# Finding Longest Increasing SubSequence (LIS)

A subsequence is a sequence obtained from another by the exclusion of a number of elements. Also, the relative order of elements in a subsequence remains the same as that of the original sequence.

Example of an increasing subsequence in a given sequence
Sequence: [ 2, 6, 3, 9, 15, 32, 31 ]
Subsequence 1: [ 2, 9, 15 ]
Subsequence 2: [ 2, 6, 31 ]
Subsequence 3: [ 3, 15, 32, 31 ]

The idea is to find for each position the longest increasing subsequence ending with the element at that position.
It is evident that the LIS for the 0’th position is the first element.

Algorithm : Longest increasing subsequence (LIS)

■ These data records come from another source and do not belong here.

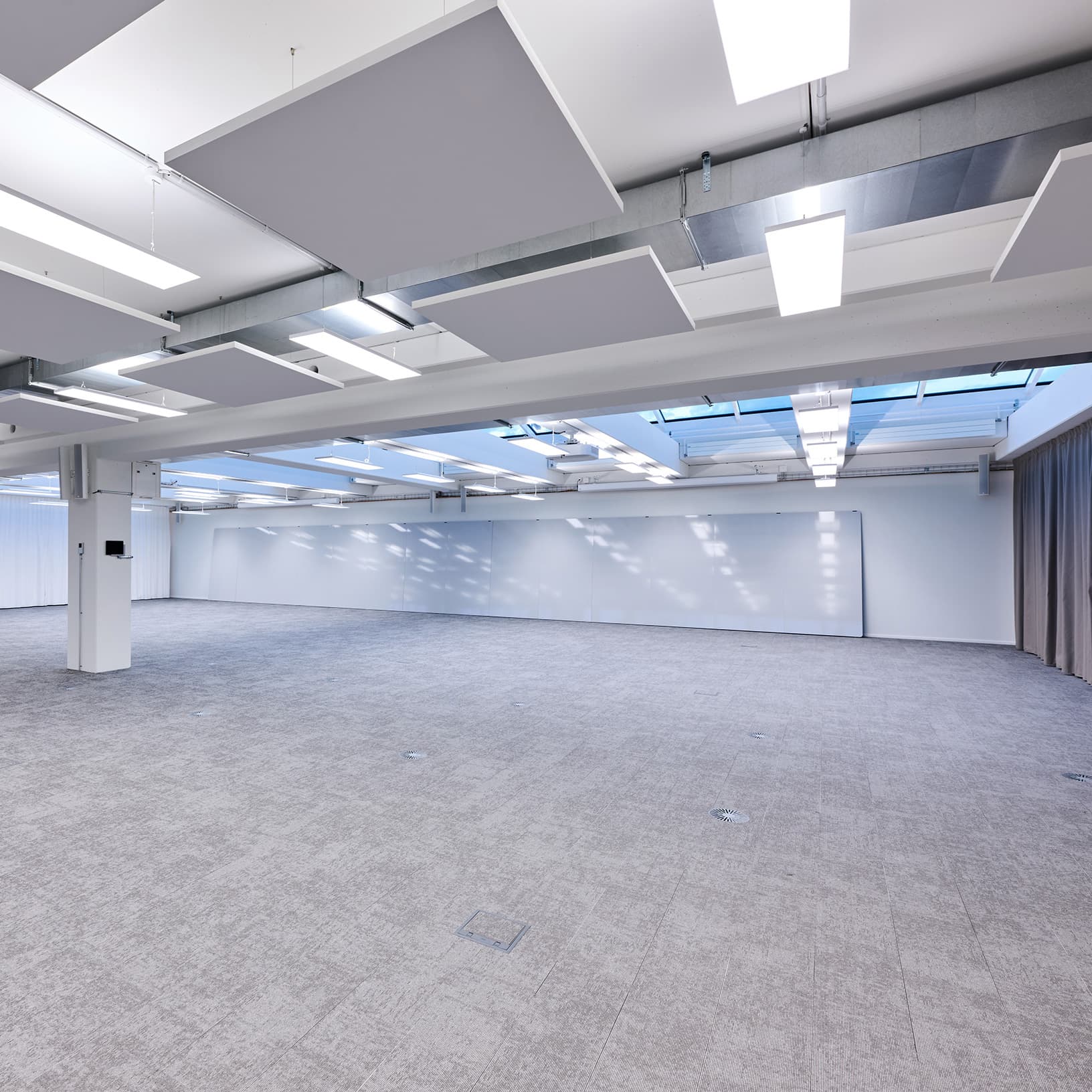Grosszügige, unbestuhlte Eventfläche von The Yards Events mit flexibler Raumgestaltung.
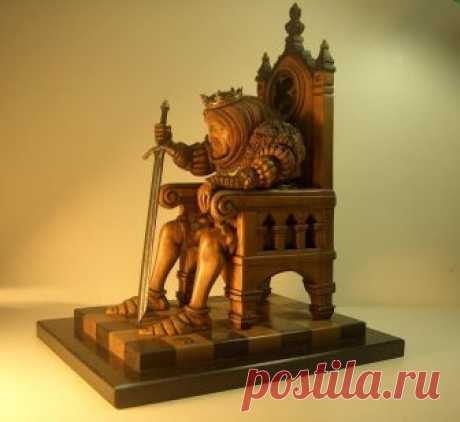 Символ власти.
Одиночество на вершине...Рука монарха ещё крепко держит меч-символ власти.Сколько пройдено великих сражений!Сколько одержано славных побед!И вот теперь всё чаще неотступная мысль:"Кому?!Кто достоин понести это бремя?!Кто сможет сохранить и приумножить,сберечь и защитить?!
А меч с годами всё тяжелей...
Орех,морёный дуб,бивень мамонта,рог буйвола,бронза,мрамор,дамасская сталь.
Размер 18 на 13 на 22 см 2018 год
Сергей Линик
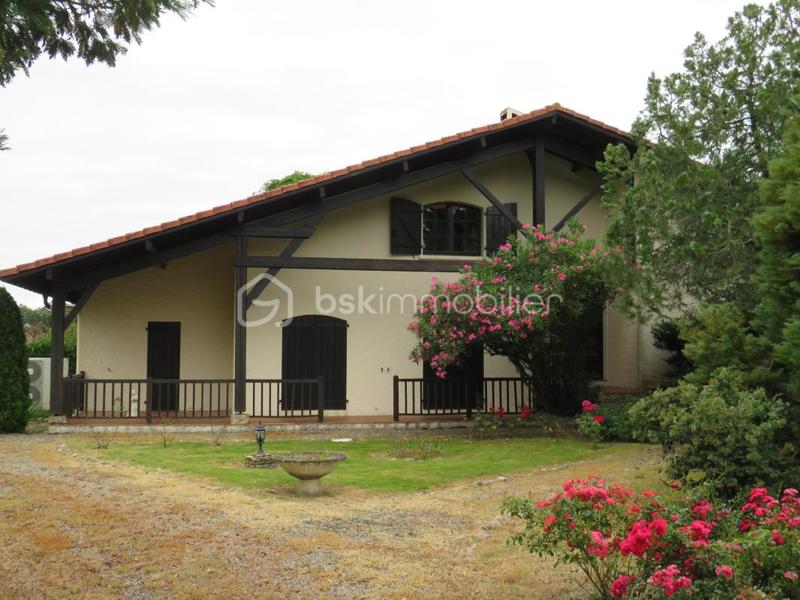 Maison - 162 m² - 7 pièces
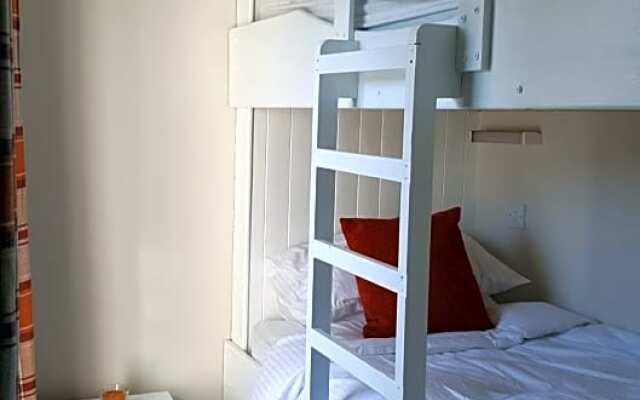 Central Bar Guesthouse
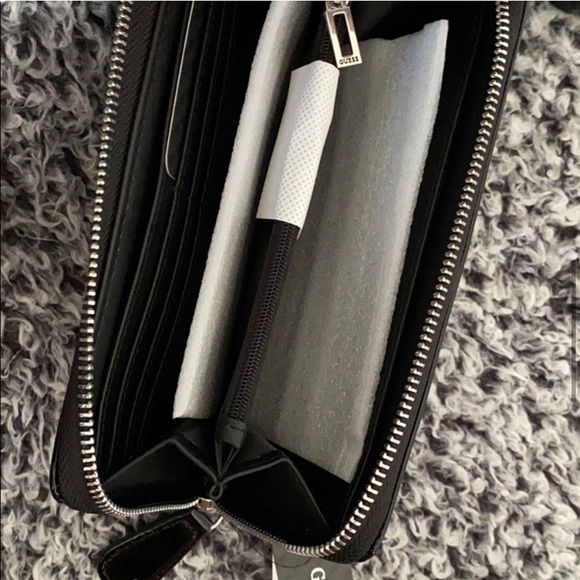 Patent black guess wallet - Picture 5 of 6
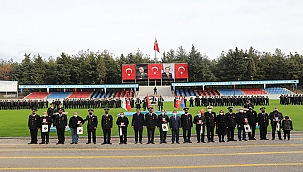 VALİ İLHAMİ AKTAŞ YEDEK SUBAYLARIN MEZUNİYET SEVİNCİNE ORTAK OLDU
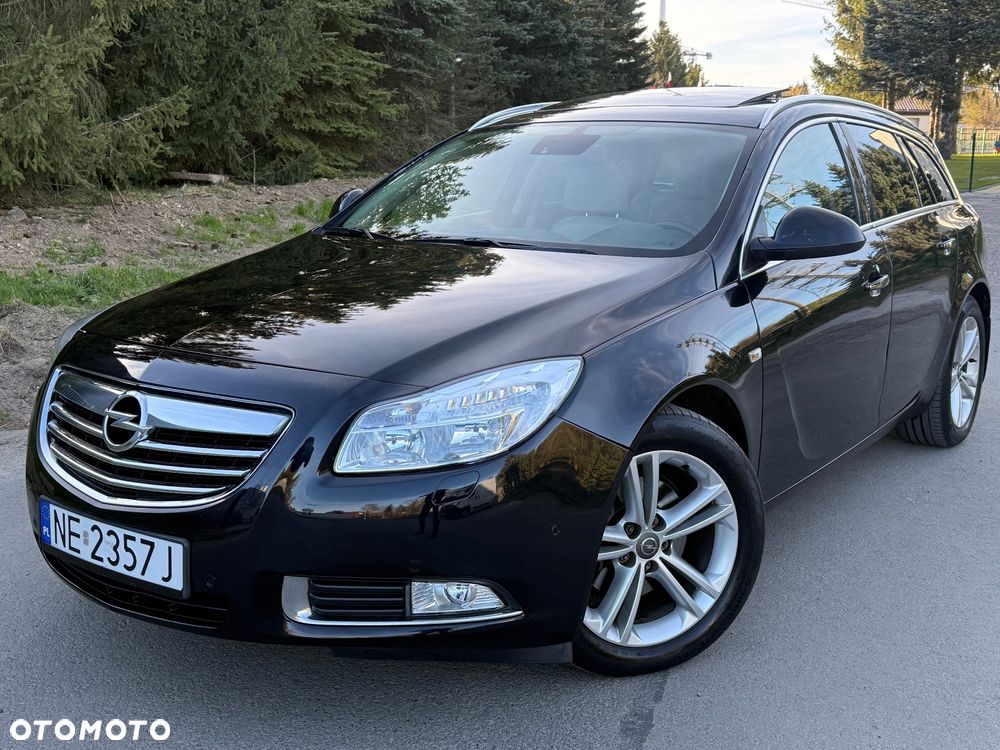 Opel Insignia 2.0 T Cosmo - 1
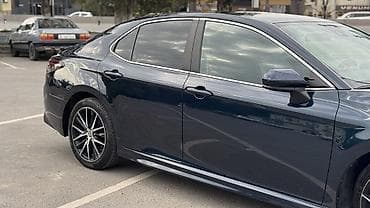 авто лексуз: Toyota Camry: 2021 г., 2.5 л, Автомат, Бензин, Седан — 3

1. LIS at position 0 is the first element of the sequence.
2. For current position ‘b’ from 1 upto N
3.      For previous position ‘a’ from 0 upto b
4.          If the element at position ‘b’ > the element at positions ‘a’ and
size of LIS at positions ‘a’ is greater that LIS at position ‘b’
5.             LIS for position ‘b’ has been found
Copy longest subsequence at position ‘a’ into ‘b’.
6.      Append element at position ‘b’ to the LIS at position ‘b’ i.e (LIS at position ‘a’ + element at ‘b’)

Example
Consider the sequence [ 3, 2, 6 ]
The longest increasing subsequence in the above sequence is [ 3, 6 ]

Current
Position
Previous
Position
LIS at current position LIS at previous position Description
0 None [ 3 ] None It is obvious that the longest increasing subsequence at position 0 is [ 3 ].
1 0 None
Created sequence : [ 2 ]
[ 3 ] Element ‘2’ at the current position 1 is smaller than the element ‘3’ at the previous position 0. ‘2’ cannot be appended to the subsequence [ 3 ] at position 0.
Thus the LIS now created at the current position 1 is [ 2 ].
2 0 None
Created sequence : [ 2, 3 ]
[ 3 ] Element ‘6’ at the current position 2 is greater than the element ‘3’ at the previous position 0 and no subsequence has yet been found yet for position 2.
Thus the LIS now created at the current position 2 is [ subsequence at position 0 + element at position 2 ]. i.e [ 3 ] + ‘6’ i.e [ 3, 6 ].
2 1 [ 3, 6 ] [ 2 ] Element ‘6’ at position 2 is greater than element ‘2’ (at previous position 1) but a subsequence [ 3, 6 ] has already been found for position 2 of length 2 greater than the subsequence at position 1 i.e , thus longest increasing subsequence at position 2 remains the same as [ 3, 6 ].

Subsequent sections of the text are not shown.